Likewise, unless you are used to paying high monthly contract charges to mobile operators, I would suggest that consumers themselves aren’t going to rush to pay a lot extra to access web content on the go unless it is obviously compelling and useful and until recently the limitations of devices themselves have been a big barrier to adoption.

I was interested the other day for instance to read some of the reaction to Google’s recently launched UK Streetview. There were respondents on one blog describing how they were using it on mobile phones to help them navigate places unfamiliar to them and it was clear that being able to see landmarks and surroundings from eye level perspective as opposed to a 10,000 foot view is a compelling experience.

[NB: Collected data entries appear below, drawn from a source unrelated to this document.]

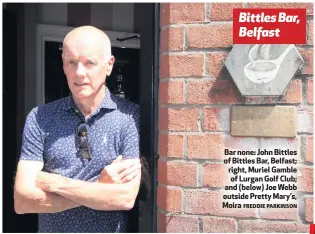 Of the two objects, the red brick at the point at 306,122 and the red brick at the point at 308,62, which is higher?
the red brick at the point at 308,62

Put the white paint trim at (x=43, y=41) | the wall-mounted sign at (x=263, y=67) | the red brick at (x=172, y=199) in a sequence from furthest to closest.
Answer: the white paint trim at (x=43, y=41) → the red brick at (x=172, y=199) → the wall-mounted sign at (x=263, y=67)

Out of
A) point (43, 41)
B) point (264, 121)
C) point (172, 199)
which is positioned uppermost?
point (43, 41)

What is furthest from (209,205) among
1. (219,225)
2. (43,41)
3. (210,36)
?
(43,41)

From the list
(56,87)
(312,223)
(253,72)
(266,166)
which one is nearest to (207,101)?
(253,72)

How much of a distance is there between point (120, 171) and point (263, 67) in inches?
27.8

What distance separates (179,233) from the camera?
1792 mm

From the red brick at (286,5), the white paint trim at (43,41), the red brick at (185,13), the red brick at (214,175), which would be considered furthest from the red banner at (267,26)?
the white paint trim at (43,41)

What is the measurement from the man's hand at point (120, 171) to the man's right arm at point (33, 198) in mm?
170

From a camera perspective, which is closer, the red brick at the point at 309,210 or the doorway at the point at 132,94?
the red brick at the point at 309,210

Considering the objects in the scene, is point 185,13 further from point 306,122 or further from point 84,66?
point 306,122

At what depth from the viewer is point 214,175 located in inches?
68.8

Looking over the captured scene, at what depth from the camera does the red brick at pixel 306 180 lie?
5.60ft

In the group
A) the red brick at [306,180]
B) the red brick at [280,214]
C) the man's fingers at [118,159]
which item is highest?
the man's fingers at [118,159]

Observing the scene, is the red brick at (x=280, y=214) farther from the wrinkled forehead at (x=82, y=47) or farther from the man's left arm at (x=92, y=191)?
the wrinkled forehead at (x=82, y=47) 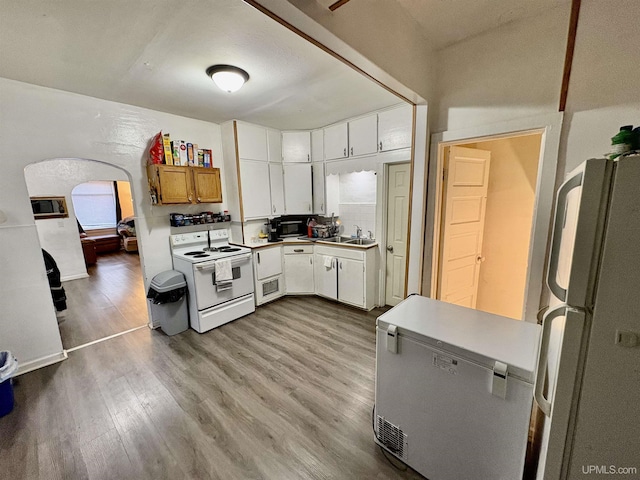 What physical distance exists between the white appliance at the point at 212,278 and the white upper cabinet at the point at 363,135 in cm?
207

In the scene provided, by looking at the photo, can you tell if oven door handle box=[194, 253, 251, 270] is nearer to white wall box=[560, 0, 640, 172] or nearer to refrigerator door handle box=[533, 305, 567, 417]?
refrigerator door handle box=[533, 305, 567, 417]

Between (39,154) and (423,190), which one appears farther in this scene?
(39,154)

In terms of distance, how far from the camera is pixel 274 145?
3951 millimetres

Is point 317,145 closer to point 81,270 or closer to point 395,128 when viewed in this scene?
point 395,128

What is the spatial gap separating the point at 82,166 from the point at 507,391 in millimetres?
7391

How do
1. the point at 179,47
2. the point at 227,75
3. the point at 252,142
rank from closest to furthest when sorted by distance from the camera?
the point at 179,47 → the point at 227,75 → the point at 252,142

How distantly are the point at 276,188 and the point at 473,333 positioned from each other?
339 centimetres

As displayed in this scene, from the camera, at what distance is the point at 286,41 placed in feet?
5.80

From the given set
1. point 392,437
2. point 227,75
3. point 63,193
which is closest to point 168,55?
point 227,75

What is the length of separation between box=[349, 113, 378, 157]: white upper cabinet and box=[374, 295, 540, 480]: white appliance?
248 centimetres

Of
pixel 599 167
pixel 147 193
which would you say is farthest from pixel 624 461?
pixel 147 193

But up until the arrival of a truly responsive and navigatable mobile interface like the iphone, coupled with high speed mobile data access I can’t have imagined mobile phone users making such comments.

Right now, I’m personally not prepared to pay more than 30p per day to access the mobile web. This is the PAYG Sim based deal I am getting from Virgin Media/Mobile on an sim-free 3G phone (translates to £9/month for 750MB). This is a low cost way and controllable way to access many types of sites and content but as soon as you venture into any higher bandwidth service – flickr, youtube, internet radio etc then the daily cap of 25 MB is swallowed up rapidly and you can very quickly find you’re paying a whole monthly contract equivalent for less than an hour’s online entertainment. I know that other network providers are offering higher data limits on rolling monthly contracts but I personally don’t want to either pay for something that I don’t then use or get into a scenario of cancelling and restarting contracts.

It was low or no cost unlimited web access that saw the wired web become a ubiquitous resource and demonstrated to people how useful the web could be – even at dial-up speeds. We were hooked and the operators were subsequently able to recoup the losses on this with the arrival of broadband and our willingness to pay more for a better web experience. Virgin Media knows this as it had massive experience in opening up wired web access under the NTL brand but I’m not sure the main mobile network operators are really learning lessons from history here and are still trying to earn revenue from misguided ‘walled gardens of content’ and access charges that are actually holding them back now from potentially much bigger future revenue opportunities.

I think this will change quickly now and the age of the true mobile web and all the innovation it will bring will be upon us at last.